Oddly, there seems to be no spot metering available on the P300, just matrix and centre-weighted. Though it may be tempting to leave the P300 on aperture priority at f/1.8 constantly, do be aware that the physical size of the sensor has a direct correlation with depth of field. So, given the size of the P300's sensor, it's not able to achieve the same shallow depth of field as the other cameras in this class at a similar aperture. We'll have a full comparison of the depth of field example with the Olympus XZ-1 soon.
Video quality is without a doubt the best we've seen on a Nikon compact, and its image quality is very good. There's a small degree of fringing visible of contrasty subjects but it's not overbearing on the overall image. Sound quality is decent, too, but as expected there's a fair amount of wind noise to be heard.
Video is available in full 1080p at 15/30fps, 720p at 30/60fps or VGA resolution at 30/60fps.
Click each image for full-sized samples from the P300. No post-processing has been done to alter these photos.
Exposure: 1/1250, f/4.9, ISO 160
Exposure: 1/1250, f/2.8, ISO 160
Exposure: 1/100, f/2.8, ISO 160
Exposure: 1/40, f/2, ISO 800
Nikon has made a good, but not stellar, compact camera that aims to be a pocket-sized SLR replacement. Unfortunately this camera is just not as good as the current best-in-class, the Canon PowerShot S95, when it comes down to the metrics that matter: image quality.

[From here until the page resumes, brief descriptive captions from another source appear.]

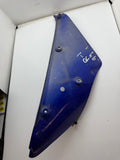 YZF R1 Blue Right Inner Panel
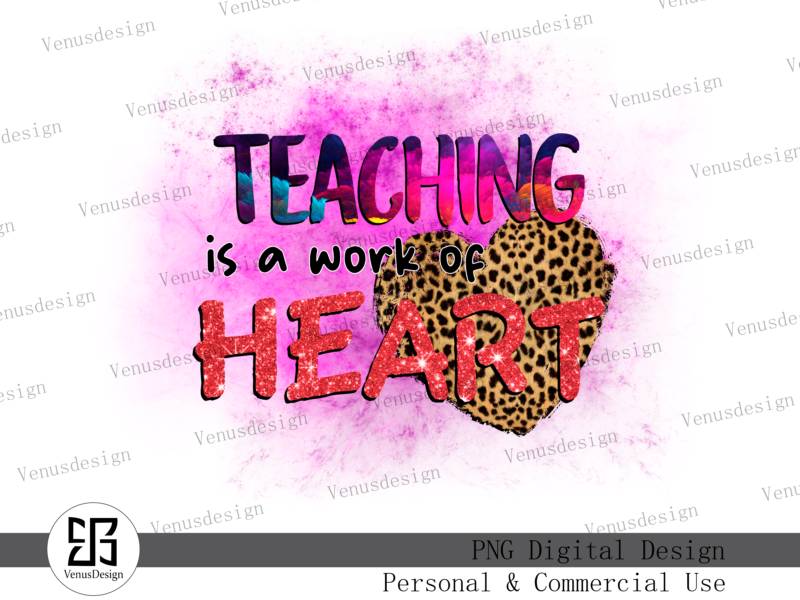 Teacher’s Day Sublimation Bundle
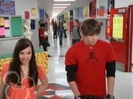 As The Bell Rings Season 1 Episode 1 - Demi Lovato 411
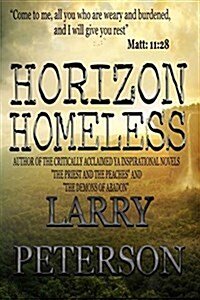 Horizon Homeless (Paperback)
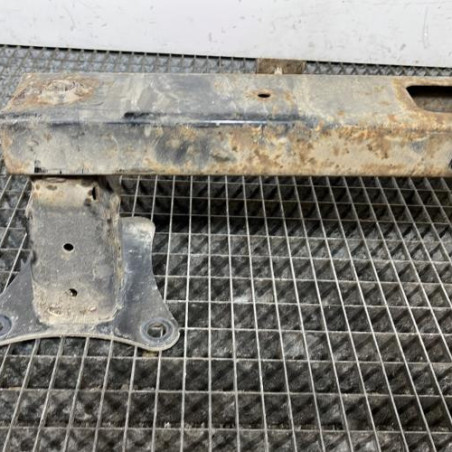 Renfort pare choc arriere (traverse) PEUGEOT PARTNER 2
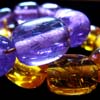 Handmade beads
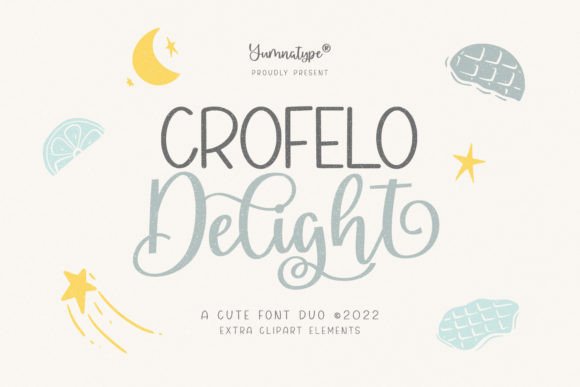 Mastering Visual Harmony: The Strategic Impact of Crofelo Delight Duo on Modern Brand Identity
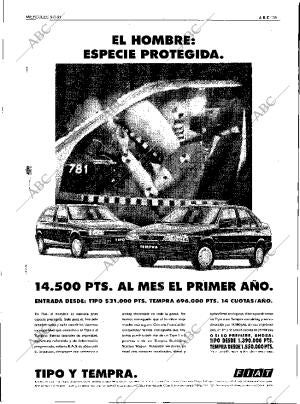 ABC SEVILLA 09-03-1994 página 39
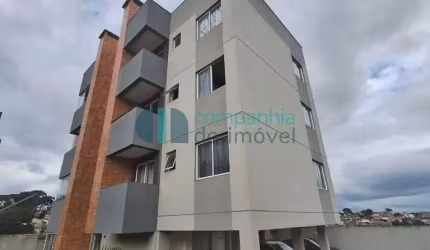 Apartamento com 2 quartos à Venda no Guarani
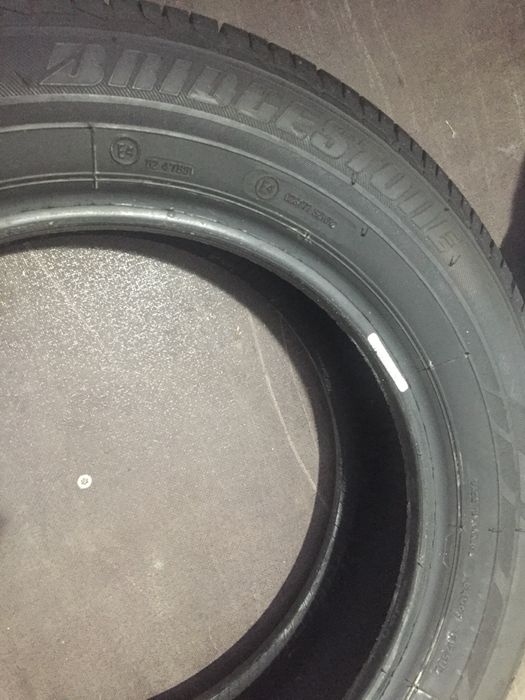 Anvelope Bridgestone Ecopia Vara. 175 / 65 / R 15.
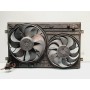 1J0121207AB Electroventilador Doble SEAT LEON I | Desguaces Foro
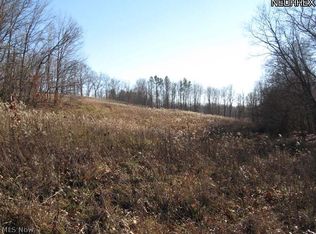 Harvey Chapel Rd, Logan, OH 43138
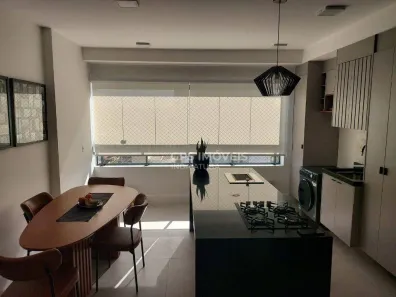 Apartamento com 2 Quartos à venda, 67m² no Centro, Indaiatuba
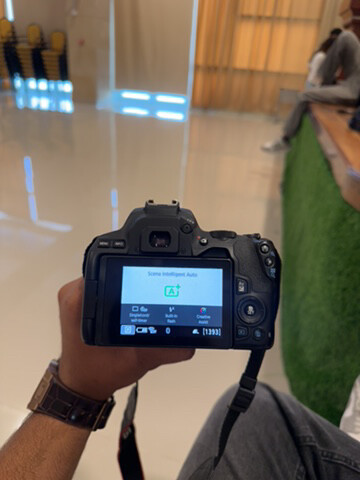 canon 250D - 5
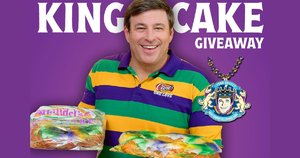 Raising Cane’s Mardi Gras Giveaway – 200 Winners! – Topsave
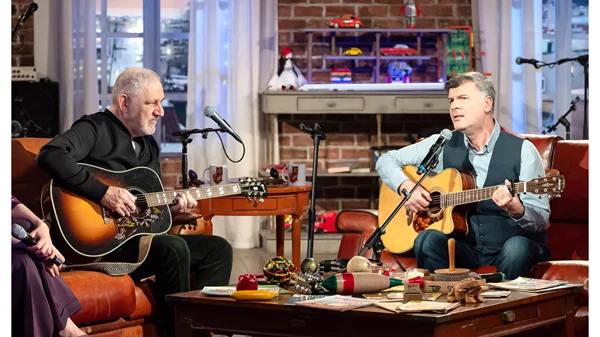 Τα "Νούμερα" πάνε στο Μουσικό Κουτί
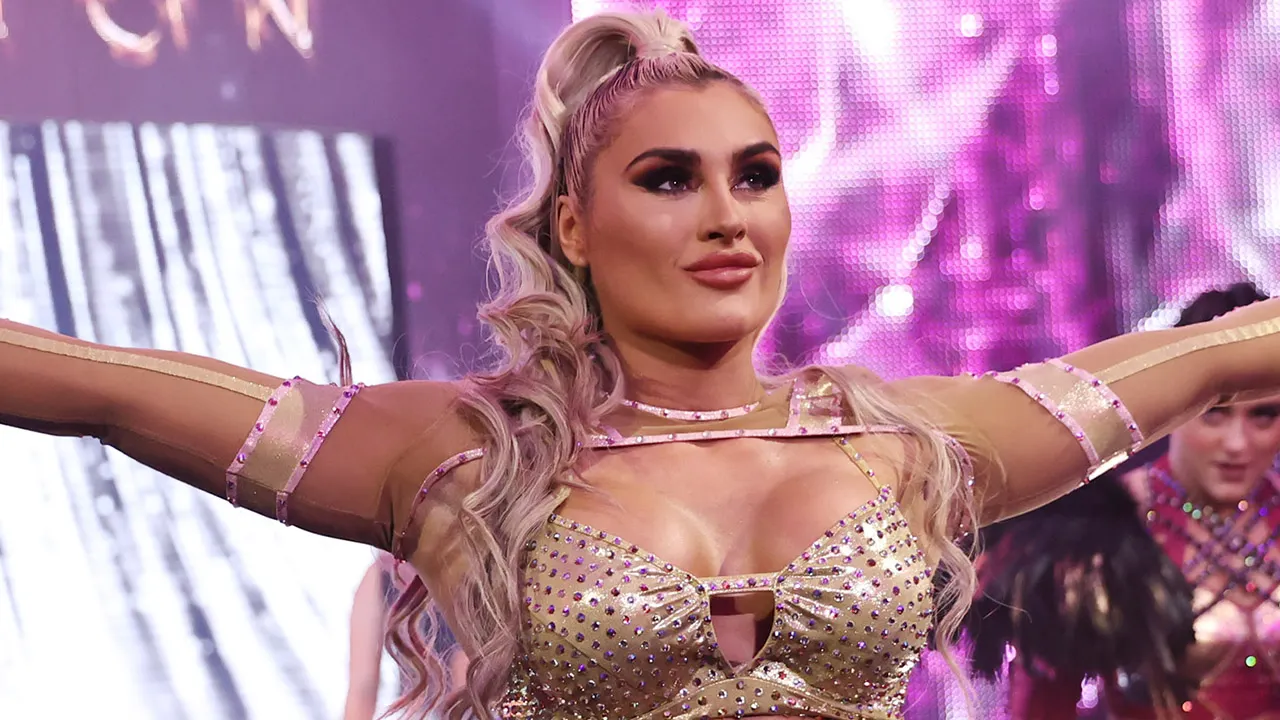 How to watch WrestleMania 41 Night 1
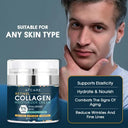 Instant Retinol Lifting Cream For Men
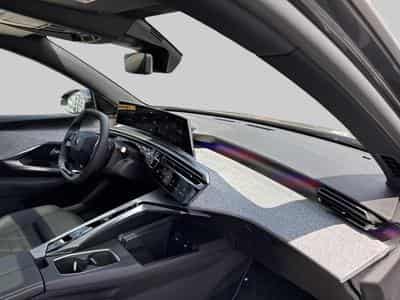 Peugeot 5008 III & e- GT (2025) - Foto 9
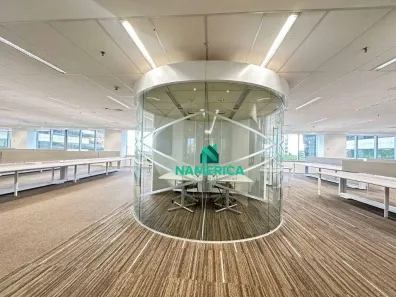 Sala Comercial para alugar, 903m² no Vila Almeida, São Paulo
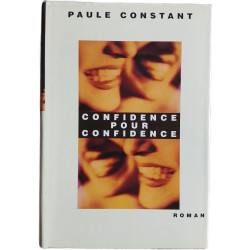 Confiance pour confiance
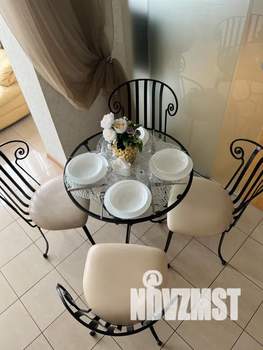 2-к квартира, посуточно, 74м2, 4/6 этаж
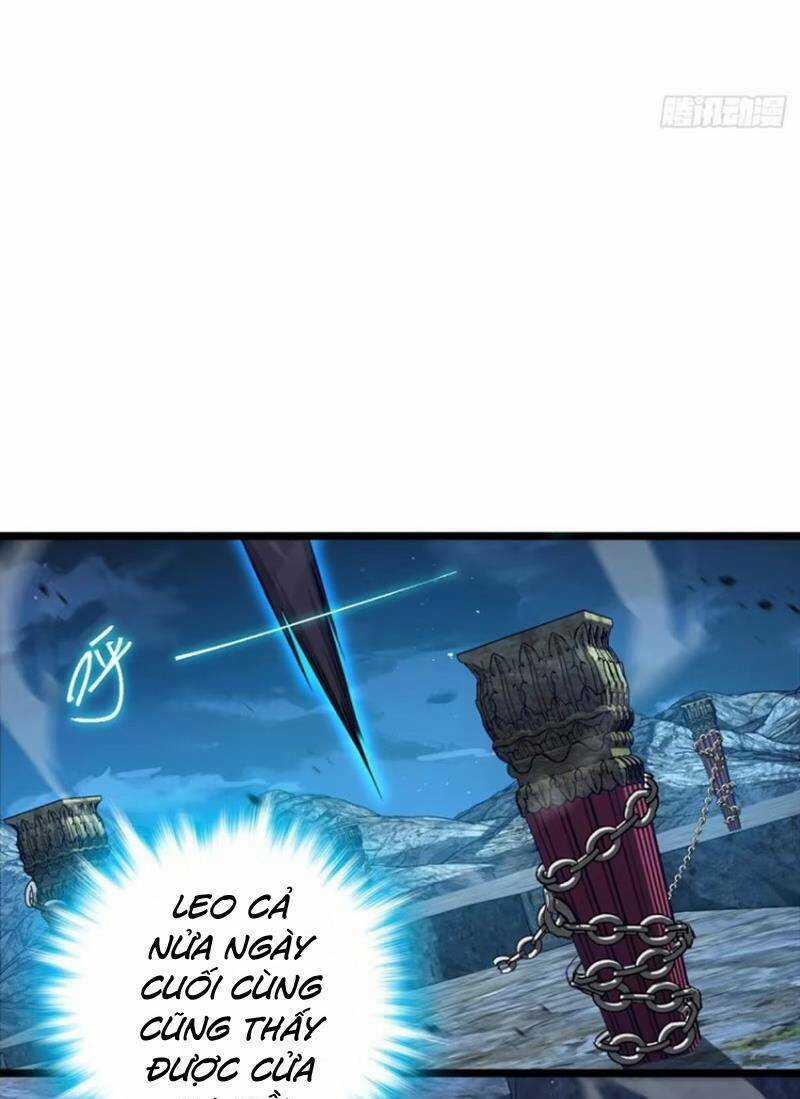 Đại Vương Tha Mạng - Chapter 841 - Trang 32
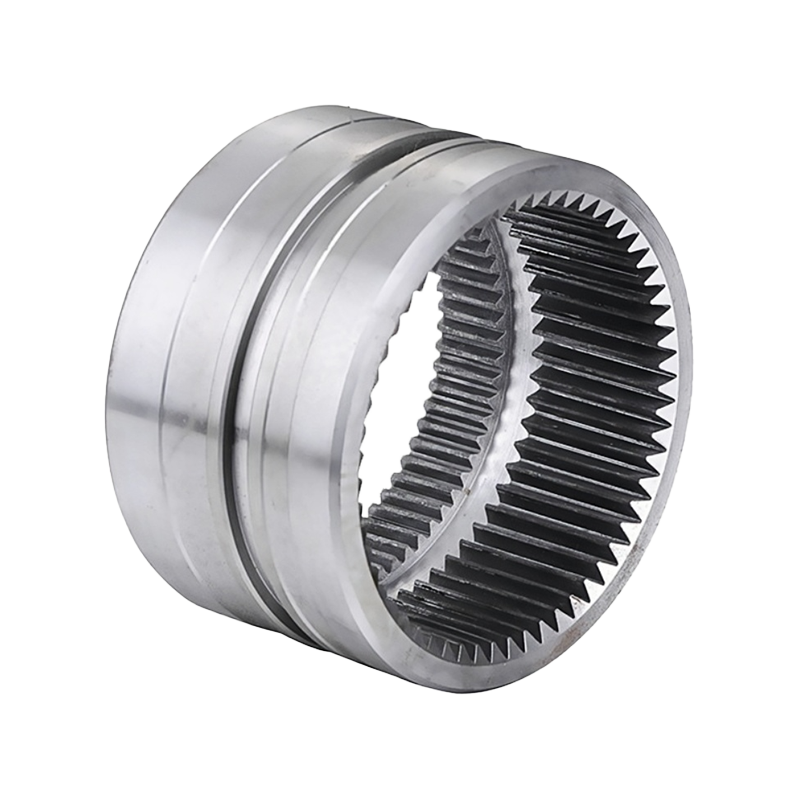 Internal ring gear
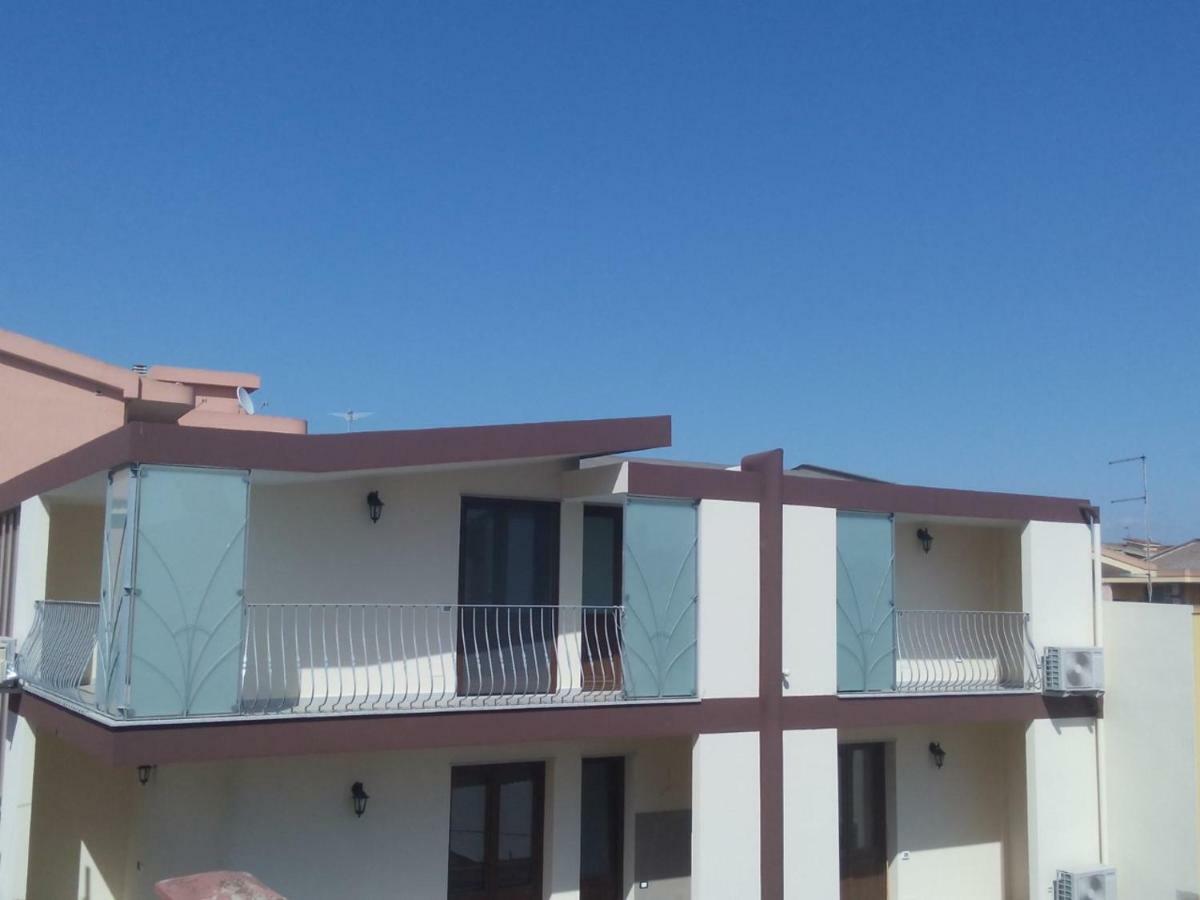 S'eredeu Apartments Sestu Exterior foto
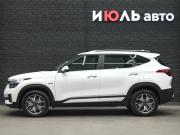 Kia Seltos I Екатеринбург  - изображение 29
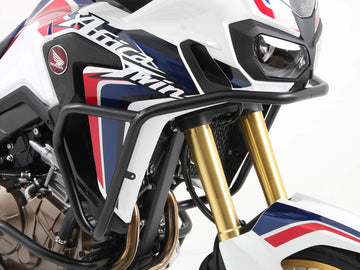 Honda CRF 1000 L Africa TW [2018-2019] - Tankskyddsfält - 0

Photographers who are downsizing from an SLR on its day off will have a big gripe with the P300, which is the lack of RAW capture. Every other camera in this class has it, so we're rather puzzled as to why Nikon left it out. We can only hope that the next iteration (or indeed a firmware update) provides this very important feature — and perhaps a bigger sensor like that found in the P7000 as well.